- **Exercise goal**
Retype the following data exactly, but leave its pictures out.

(Short descriptive text snippets)

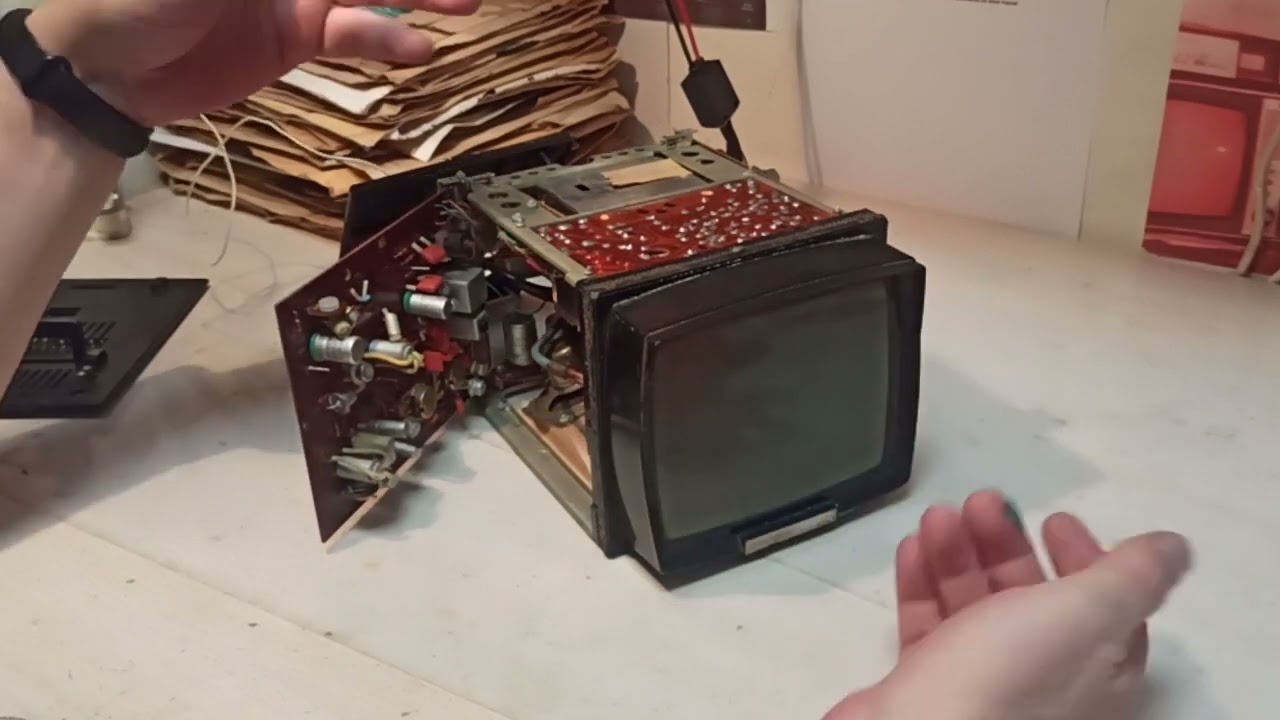 Телевизор Электроника ВЛ-100, СССР, 1970 год. Неисправен, увы... 😟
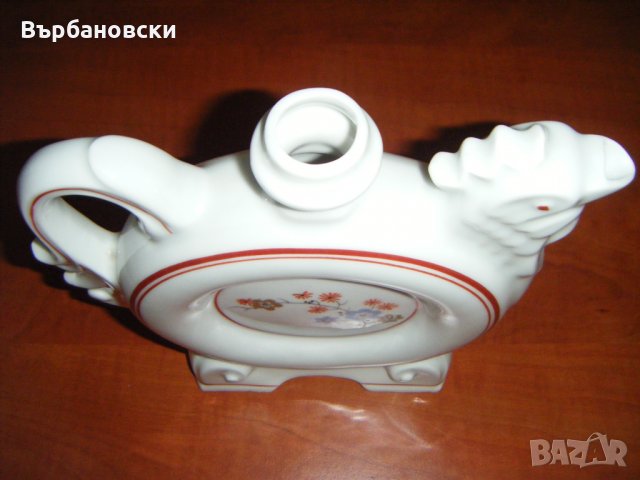 Порцеланова бъклица, снимка 2 - Антикварни и старинни предмети - 35277667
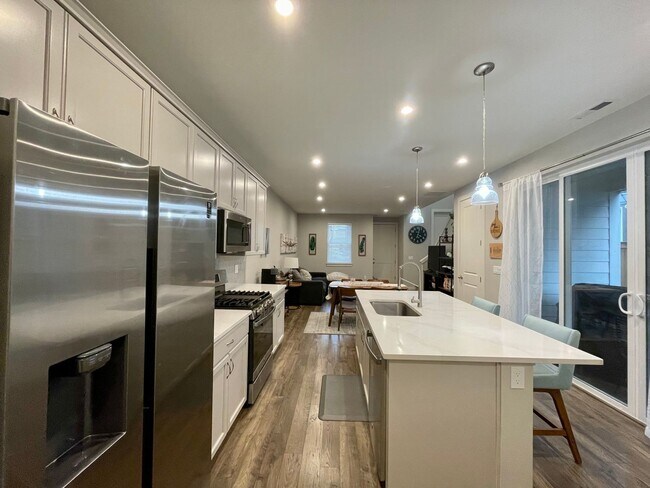 Building Photo - Hillsboro 3 Bed 2.5 Bath Townhome in Reeds Crossing ~ Includes A/C, 2 Car Garage w/ Level 2 Charg...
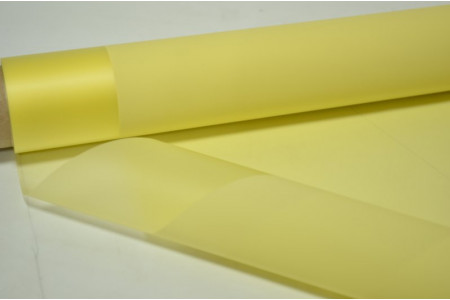 Пленка матовая "Прозрачный кант" 60см*10м светло-жёлтая (5303)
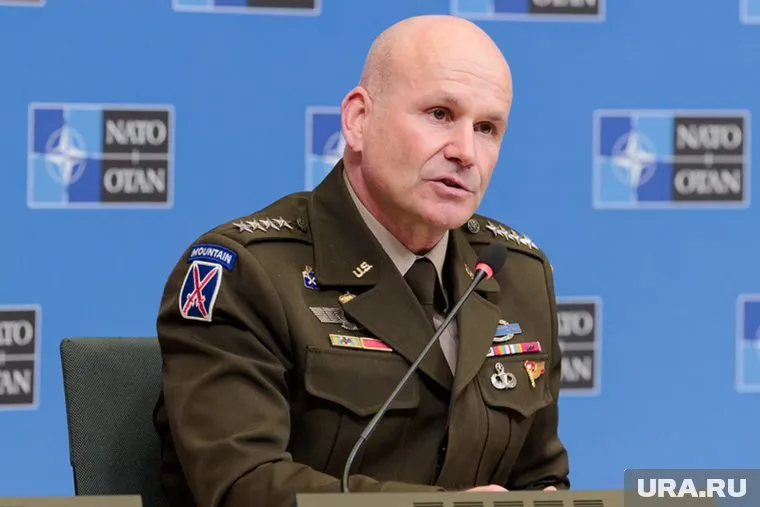 Советская школа украинских летчиков мешает при обучении на F-16, заявил Кристофер Каволи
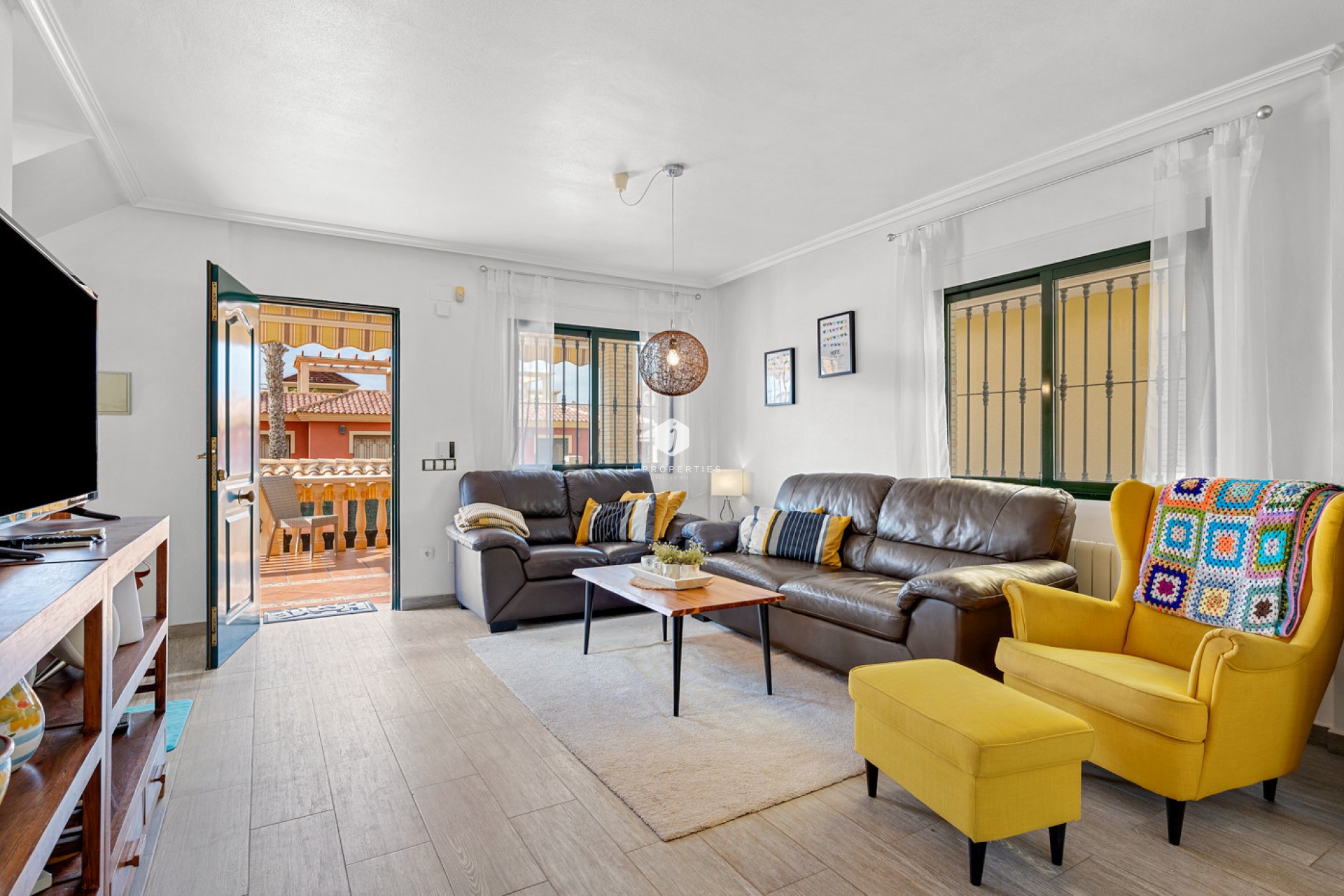 Aus zweiter Hand - Villa -
Algorfa - Inland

- **Task answer**
 Телевизор Электроника ВЛ-100, СССР, 1970 год. Неисправен, увы... 😟
 Порцеланова бъклица, снимка 2 - Антикварни и старинни предмети - 35277667
 Building Photo - Hillsboro 3 Bed 2.5 Bath Townhome in Reeds Crossing ~ Includes A/C, 2 Car Garage w/ Level 2 Charg...
 Пленка матовая "Прозрачный кант" 60см*10м светло-жёлтая (5303)
 Советская школа украинских летчиков мешает при обучении на F-16, заявил Кристофер Каволи
 Aus zweiter Hand - Villa -
Algorfa - Inland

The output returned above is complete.